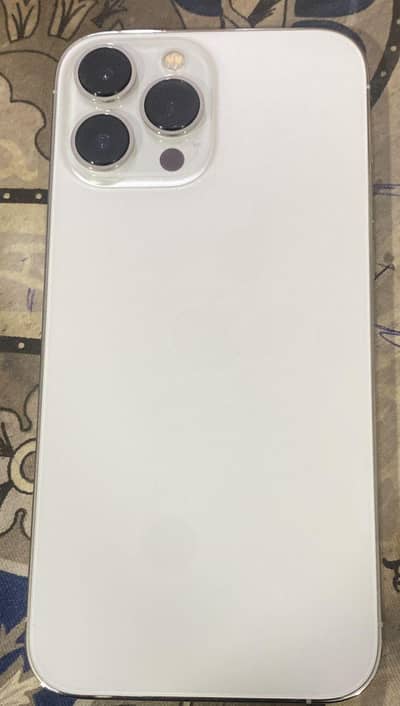 iPhone 13 Pro Max 1TB Non PTA Condition 10/10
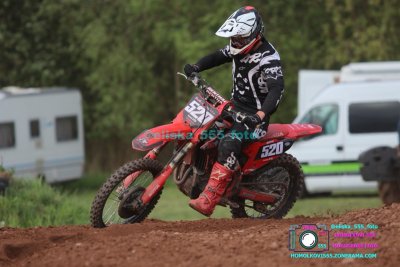 AMŠ – O’Neal cup Třebíz 5.5.2024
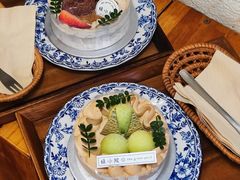 -绿小院(荔湾店)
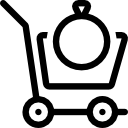 carrito de compras icon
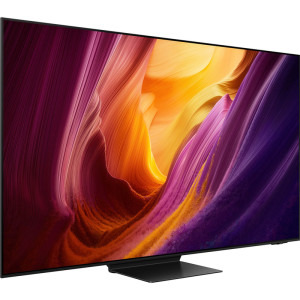 Samsung Smart TV OLED QE65S95H Seria S95H 163cm 4K UHD HDR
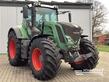 Fendt 828 VARIO S4 PROFI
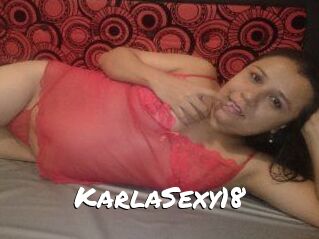 KarlaSexy18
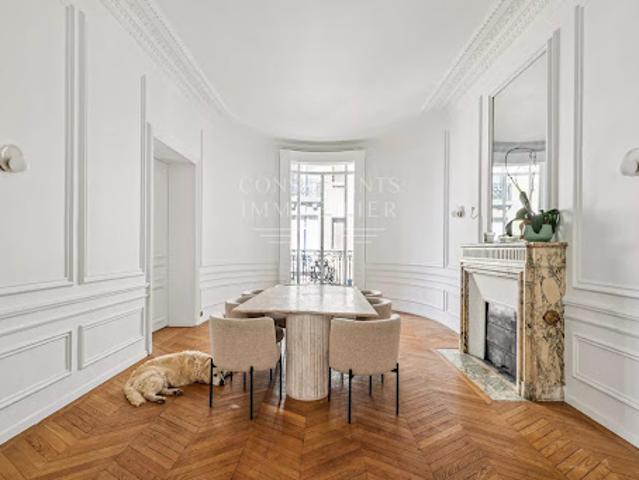 Appartement vente à Paris, Île-de-France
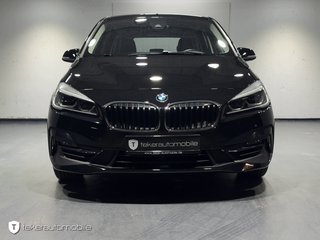 BMW 218 Gran Tourer Sport Line *AHK*LED*AUT.* - foto 25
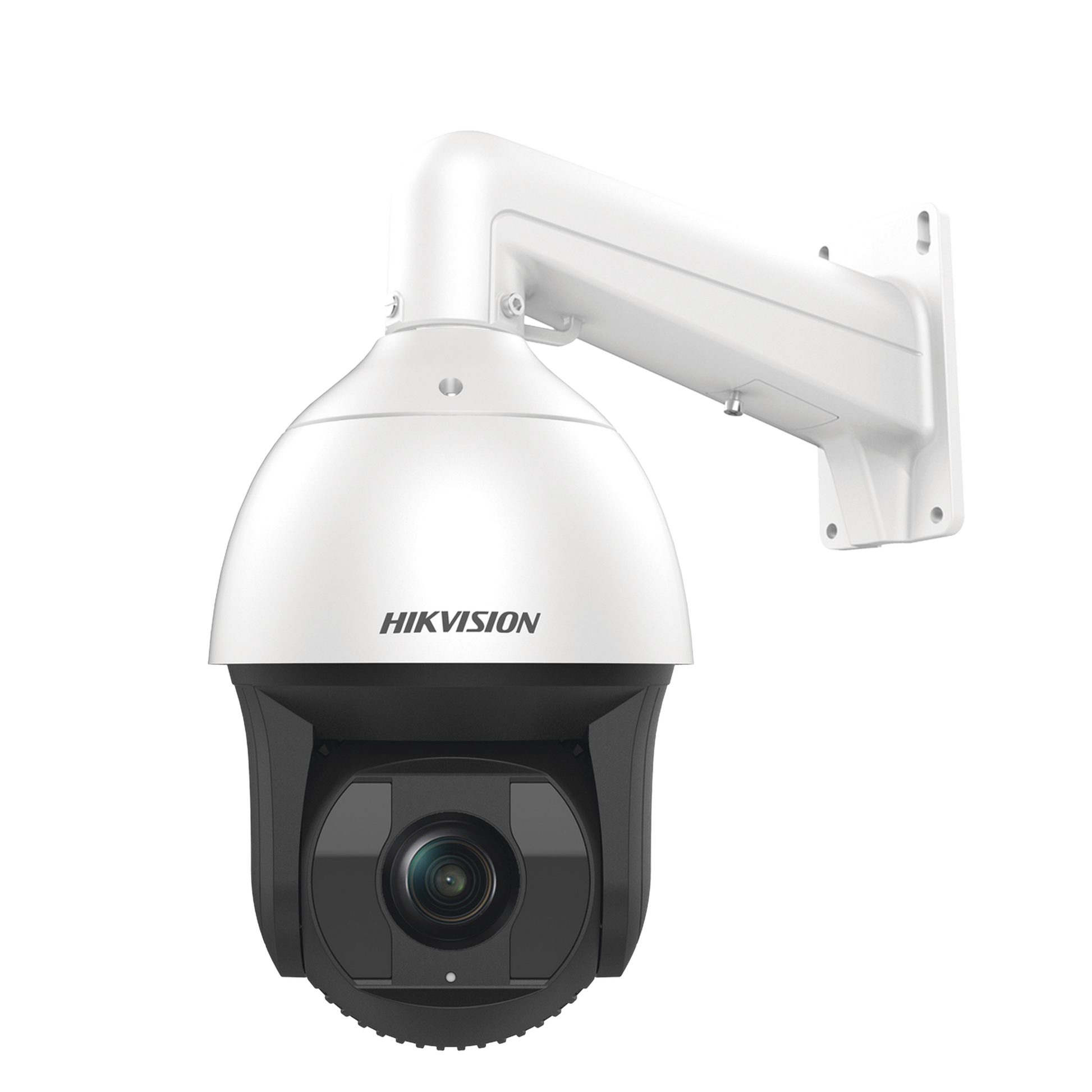 DS-2DF8425IX-AEL(T5)|Domo PTZ IP 4 Megapixel / 25X Zoom / 400 mts IR EXIR / AutoSeguimiento 2.0 / WDR 140 dB / Hi-PoE / EIS / Exterior IP67 / IK10 / Rapid Focus / microSD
• • • • •
> _Problem to work on_:
Skip the pictures and write out exactly the lines from the line containing "AMŠ – O’Neal cup Třebíz 5.5.2024" through the end of the listing above.

> _Solved problem_:
 AMŠ – O’Neal cup Třebíz 5.5.2024
 -绿小院(荔湾店)
 carrito de compras icon
 Samsung Smart TV OLED QE65S95H Seria S95H 163cm 4K UHD HDR
 Fendt 828 VARIO S4 PROFI
 KarlaSexy18
 Appartement vente à Paris, Île-de-France
 BMW 218 Gran Tourer Sport Line *AHK*LED*AUT.* - foto 25
 DS-2DF8425IX-AEL(T5)|Domo PTZ IP 4 Megapixel / 25X Zoom / 400 mts IR EXIR / AutoSeguimiento 2.0 / WDR 140 dB / Hi-PoE / EIS / Exterior IP67 / IK10 / Rapid Focus / microSD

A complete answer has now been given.